Work to complete
Extract every record, exactly as written, and ignore the pictures.

Input

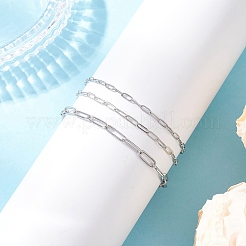 3Pcs 304 Stainless Steel Bracelets&nbsp;BJEW-JB12463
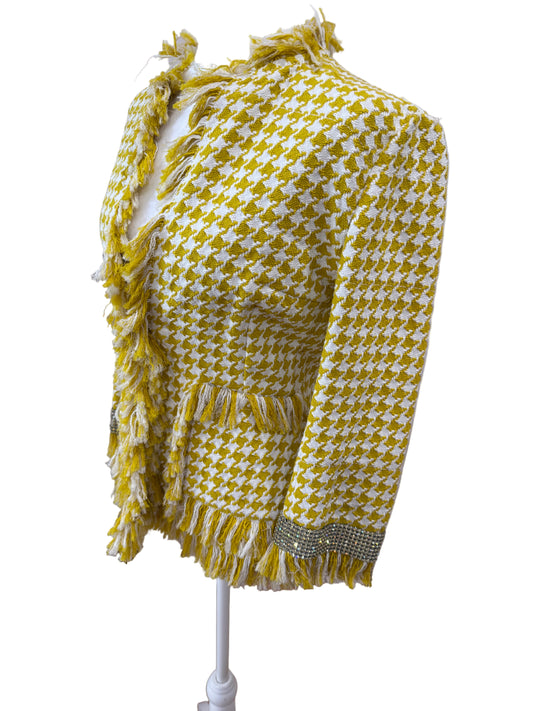 Dolce & Gabbana Crystal-Embellished Houndstooth Jacket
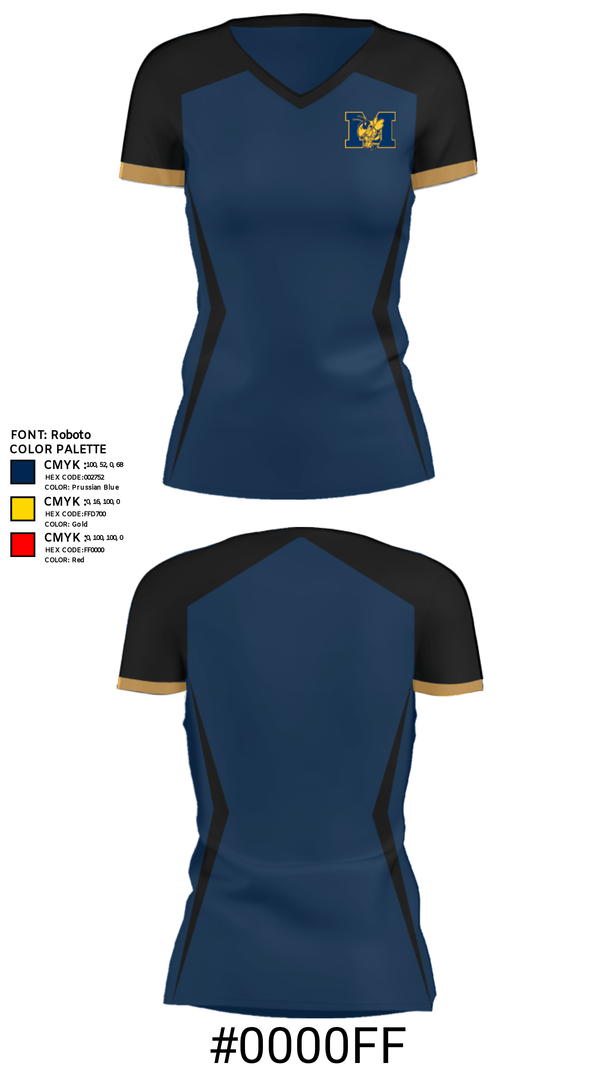 Women's Short Sleeve Vneck Shirt, Moorefield High School Softball, Softball, Teamtime, Team time, sublimation, custom sports apparel, team uniforms, spirit wear, spiritwear, sports uniforms, custom shirts, team store, custom team store, fundraiser sports, apparel fundraiser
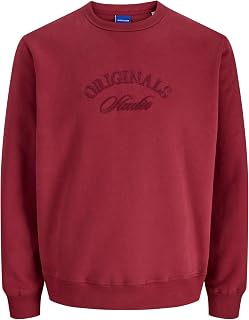 Jack & Jones Jorbleecker Branding Men's BF Jorbleecker Branding Sweatshirt Crew BF (Pack of 1)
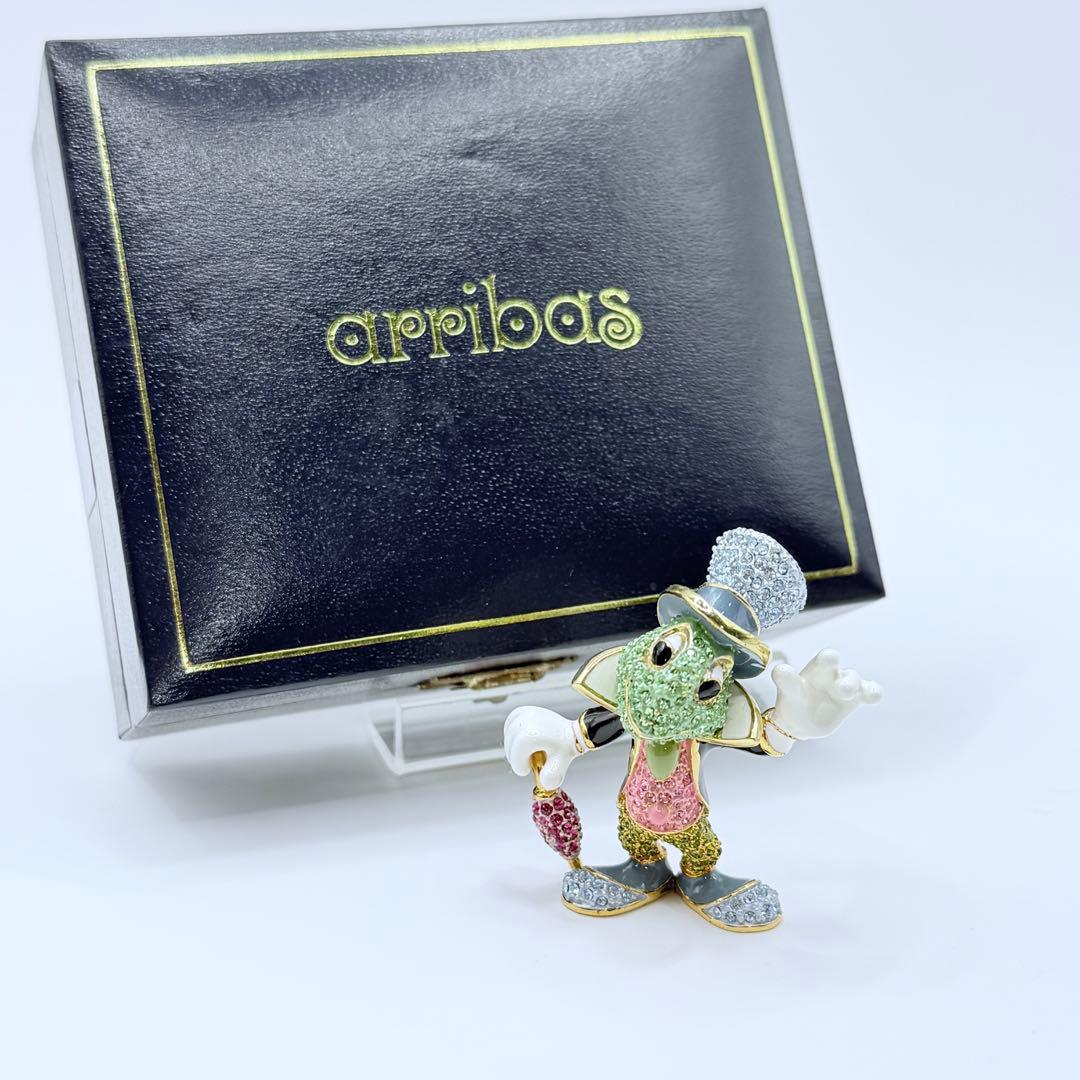 希少☆ディズニー アリバスブラザーズ スワロフスキー ジミニー クリケット 置物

Response to this exercise
 3Pcs 304 Stainless Steel Bracelets&nbsp;BJEW-JB12463
 Dolce & Gabbana Crystal-Embellished Houndstooth Jacket
 Women's Short Sleeve Vneck Shirt, Moorefield High School Softball, Softball, Teamtime, Team time, sublimation, custom sports apparel, team uniforms, spirit wear, spiritwear, sports uniforms, custom shirts, team store, custom team store, fundraiser sports, apparel fundraiser
 Jack & Jones Jorbleecker Branding Men's BF Jorbleecker Branding Sweatshirt Crew BF (Pack of 1)
 希少☆ディズニー アリバスブラザーズ スワロフスキー ジミニー クリケット 置物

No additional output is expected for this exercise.